The Austin Chronicle

https://www.austinchronicle.com/events/film/2023-04-21/river/

River

Not rated, 75 min. Directed by Jennifer Peedom, Joseph Nizeti. Narrated by Willem Dafoe.

REVIEWED By Richard Whittaker, Fri., April 21, 2023

Two films. One narrator. One orchestra. One director. And they begin in almost exactly the same way. Black-and-white footage of musicians tuning up, and Willem Dafoe joking lightly at the microphone. This simple set-up is oddly reminiscent of the opening to Disney's Fantasia, in that it precedes an extraordinary cavalcade of images that will leave your eyes open in wonder and your heart overflowing like a weir in the rainy season.

In 2018, Dafoe narrated Mountain, a conceptual documentary about humanity's surprisingly brief relationships with the highest wild places. The text was taken from Robert McFarlane's Mountains of the Mind, and the Australian Chamber Orchestra performed a score by their lead, Richard Tognetti, all under the directorial eye of Jennifer Peedom. Now the ensemble gathers again (with Peedom joined by Joseph Nizeti as co-director) for River, a work that is equally enthralling, captivating, and insightful.

Mountain's thesis – beyond its beauty – was that people have only interacted with peaks for a few centuries, having previously eschewed them as bleak, cold, and dangerous places. But River posits a different view: that the Anthropocene epoch of humanity's existence was only facilitated by rivers: for water, transport, power, myth, community. Yet, much like mountains, our relationship with them has changed dramatically in recent times – how to run them as machines, as Dafoe intones from McFarlane's words.

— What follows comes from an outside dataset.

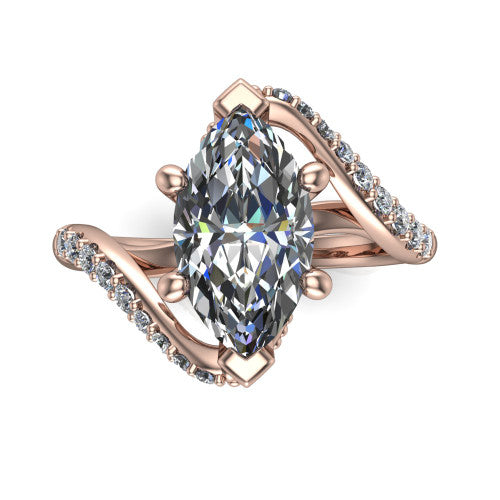 Aurora marquise classic engagement ring in 18K Rose Gold, top-down view showing the prong-set center diamond where the pav&eacute; bypass shank crosses beneath the head
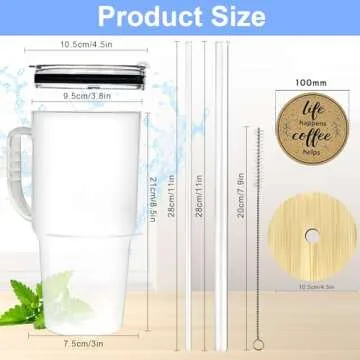 ONEHAUS Glass Tumbler with Straws and Lids, 40oz Large Glass Coffee Tumbler with Handle, Clear Water...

Much as with Mountain, the power of River is not in presenting a radical new idea: It is in synthesizing what we already know and presenting it as a holistic whole. We know that we have turned rivers from mystical places into resources, but in its sumptuous 75-minute delivery River allows us to see the flow of that narrative. And it is beyond gorgeous, as visually dazzling (if not quite as stomach-churning for acrophobics) as Mountain: luscious landscapes of quiet streams, poisoned fish and angular dams presented as abstract patterns, and the quiet joy of swimming.

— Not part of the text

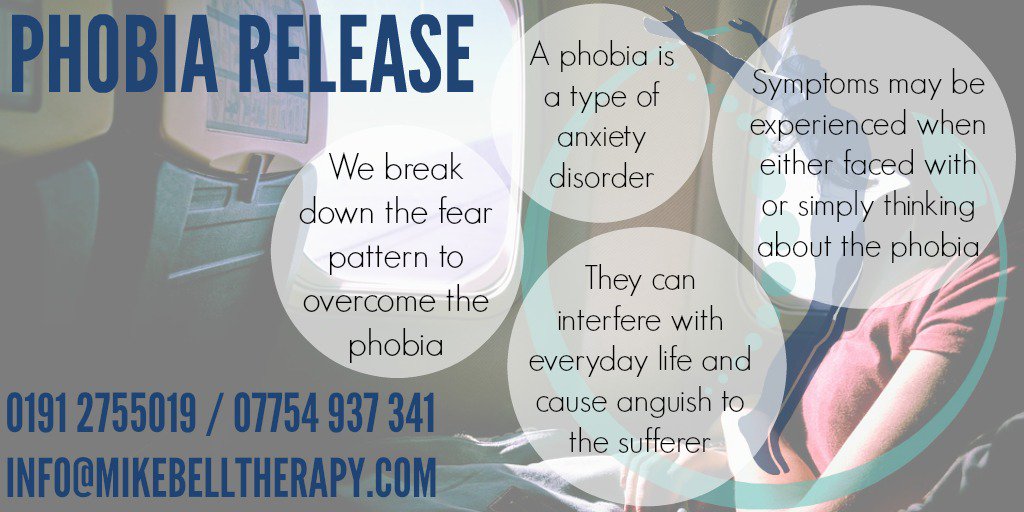 mikebelltherapy's tweet photo. Conquer your #phobia with therapy &amp; coaching!  
☎ Call now: 0191 2755019 / 07754 937 341

#SpennyBiz #NTSideHour #NLandHour #PeterleeHour https://t.co/EusY7xQ5a7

It's fascinating that River, originally released in Australia and the UK in 2022, finally gets a U.S. release for Earth Day 2023, and hot on the heels of the far more didactic drama How to Blow Up a Pipeline. Yet River is no less a work of polemic than its more openly revolutionary peer. The first half of the documentary is about our historical relationship with water: the second, about our current state of unbalance. And having Dafoe, with that gentle, forceful, menacing, soulful, and tender voice deliver the message – no stats but plenty of evocative facts about how much damage we have done and continue to do – brings the message home.

Yes, River flows in the wake of other documentaries, and some have called it redundant. But it is rather another drop in the flood of documentaries, and without all those drops, especially one so beautiful and challenging, there will never be any erosion of our antipathy to change. If the purpose of Mountain was to humble the viewer, then River is intended to quietly terrify us. Maybe that's exactly what we need.